Anschließend habe ich mich hingesetzt und den Fall brieflich an den Landrat, mehrere Landtagsabgeordnete, Bundestagsabegeordnete und Flüchtlingsorganisationen gemeldet. Immerhin kamen daraufhin ein paar Reaktionen, allerdings unterschiedlich in ihrer Tendenz. Der zuständige Sachbearbeiter des Landrats sieht keine Verantwortung des Landkreises, weil es sich um eine Erstaufnahmeeinrichtung in einem anderen Landkreis handelt – hat aber zugegeben, dass in der Notaufnahme hier im Landkreis ebenfalls Probleme mit der Postzustellung bestehen. Eine Notwendigkeit, damit an die Öffentlichkeit zu gehen, sieht er nicht.
Zwei Anrufe von Büros der Landtagsabgeordneten zweier Parteien scheinen anzuzeigen, dass die wenigstens nachfragen wollen, was denn da los ist – den Asylbewerbern würden so viele offizielle Pflichten auferlegt, da dürfe es doch nicht passieren, dass auf ‚unserer Seite’ die Postzustellung nicht funktioniert. Einer der Anrufer hat sich dann an den Rechtsanwalt gewendet, der wiederum korrekterweise keine Auskünfte über den Fall geben kann, ohne dass ihm eine Schweigepflichtentbindungserklärung des Mandanten vorliegt. Ich fand mich nun also in der Situation, einem jungen Mann, der zwar für die 6 Monate, die er sich in Deutschland aufhält, schon ziemlich gut Deutsch spricht, aber vermutlich aus seinem Land nicht unbedingt das Prinzip der Schweigepflicht kennt, erstmal das Prinzip der anwaltlichen Schweigepflicht zu erklären, und ihn dann zu bitten seinen Anwalt von gerade eben dieser Schweigepflicht zu entbinden...
Erst am Tag vorher hatten wir über die Zahl der Buchstaben in deutschen Substantivverbindungen geredet– sein Beispiel: Vorstellungsgespräch hat 20 Buchstaben! geht das? ich: das geht noch länger, z.B. Vorstellungsgesprächstermin, oder sogar Vorstellungsgesprächsterminverschiebung. Da konnte die Schweigepflichtentbindungserklärung immerhin auf diesem Gebiet schwer punkten.

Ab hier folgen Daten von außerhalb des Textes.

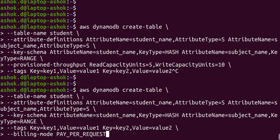If we check here the difference between the previous command and this one: table name is the same, attribute definitions are the same, key schema and tags are the same, but we have removed the provisioned throughput and instead set billing mode as PAY_PER_REQUEST. This will automatically create a DynamoDB table with on-demand capacity. We already have a student table as provisioned.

Das ist wirklich nur ein kleiner Ausschnitt der Dinge, die ich in den letzten Wochen auf diesem Gebiet beackert habe. Andere Rechtsanwaltsgespräche. Seit Wochen versuchen wir, vom Landratsamt eine Aussage darüber zu bekommen, ob eine kostspielige Zahnbehandlung bei einem Kleinkind, dessen Zähne völlig kaputt sind, übernommen wird oder nicht. (Jetzt scheint aber vielleicht doch noch Bewegung in die Sache zu kommen. Zusätzliche Gutachten müssen eingeholt werden...)  Drei Afrikaner, die allesamt entweder einen Arbeits- oder Ausbildungsvertrag bei örtlichen Firmen bekommen haben, und alle bereits sehr gut Deutsch sprechen, erhalten vom Landratsamt keine Arbeitserlaubnis, weil sie keinen Pass vorlegen können, die Botschaft ihres Landes stellt ihnen aber keinen Pass aus, weil sie keine Geburtsurkunde vorlegen können. ...


Und man hat den Eindruck, die ganze Sache ist eher zum Mäuse melken, als dass man mit einem normal funktionierenden Menschenverstand da noch durchkommt. Wenn unter den Asylbewerbern nicht so feine Menschen wären, die kennengelernt zu haben eine echte Bereicherung ist, könnte man wirklich Frust schieben. Da ist eine Tretbootfahrt am See eine echte Ablenkung, Abkühlung und Erdbeeren inbegriffen. 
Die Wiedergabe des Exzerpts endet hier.